╭──
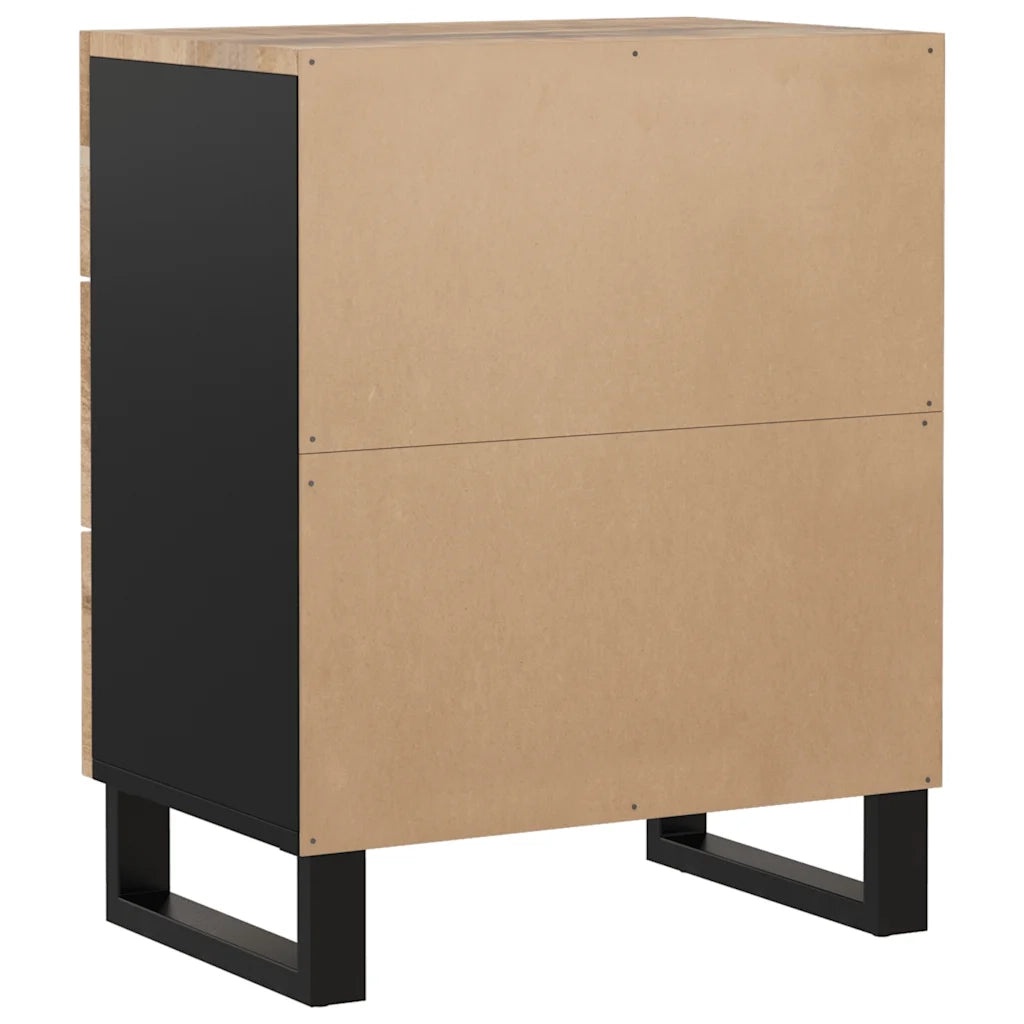 Comodino | Armadio da Notte | Mobiletto da notte 50x33x62cm Legno Massello di Mango e Legno Multistrato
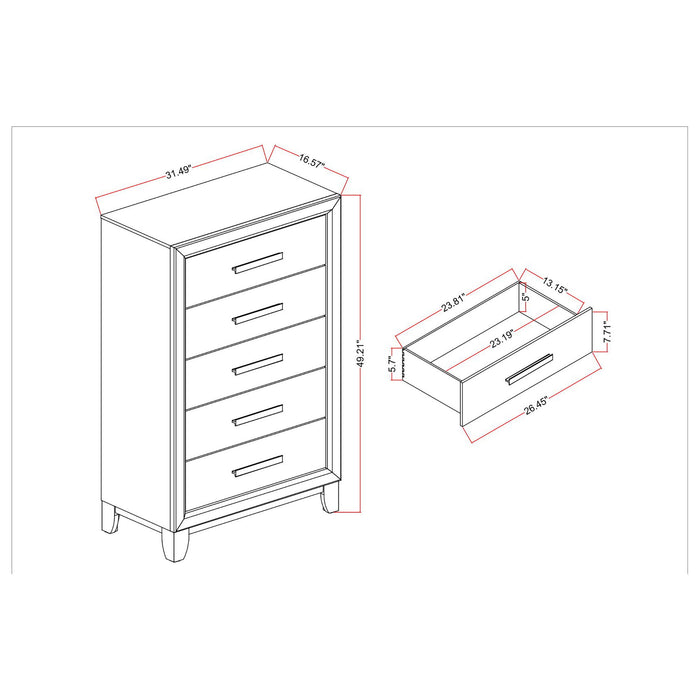 Harry - 5 Piece Bedroom Set With LED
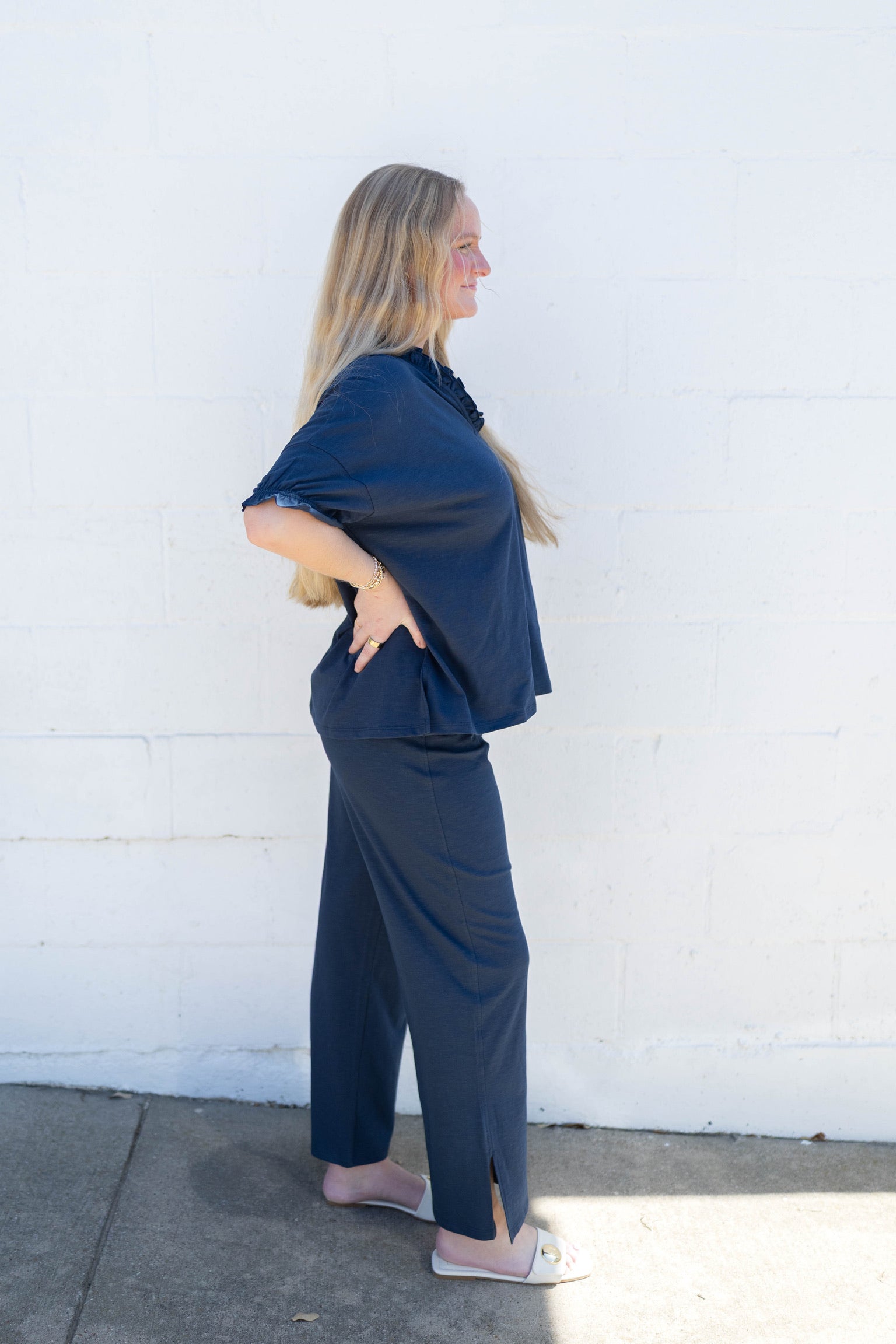 Amelia Navy Ruffle Tee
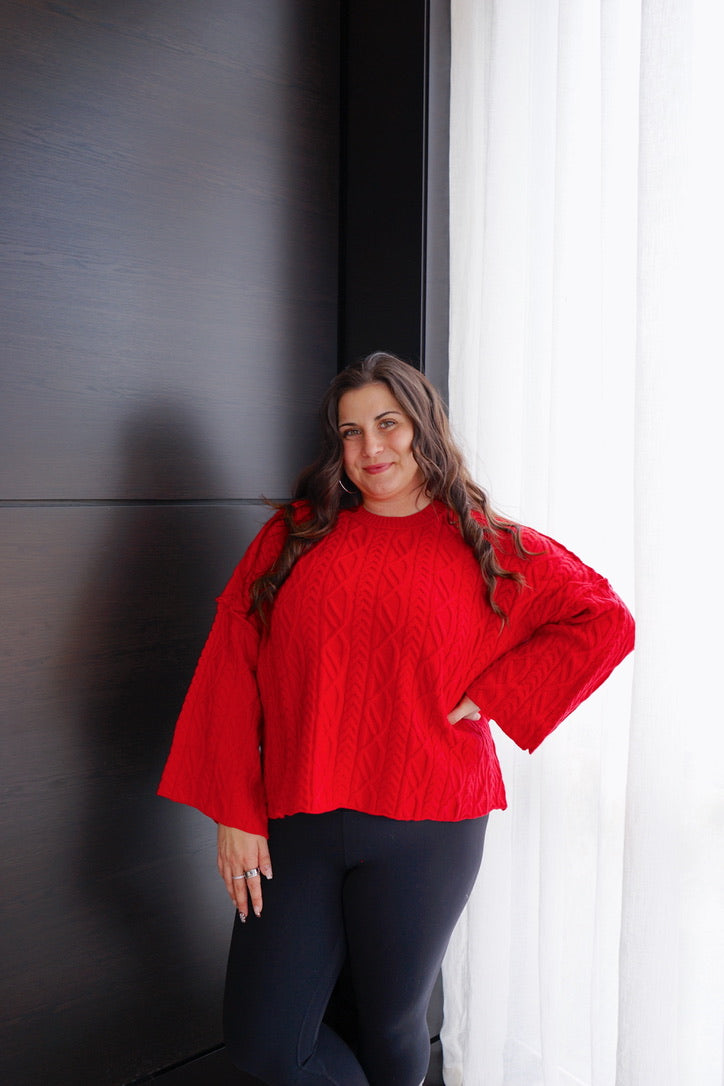 Cozy Scarlet Flare Sweater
╰──
**Instructions for the task**
Only the lines from the one containing "Harry - 5 Piece Bedroom Set With LED" through the last line of the material are to be restated word for word; no picture is to be included.

**Answer to the problem**
 Harry - 5 Piece Bedroom Set With LED
 Amelia Navy Ruffle Tee
 Cozy Scarlet Flare Sweater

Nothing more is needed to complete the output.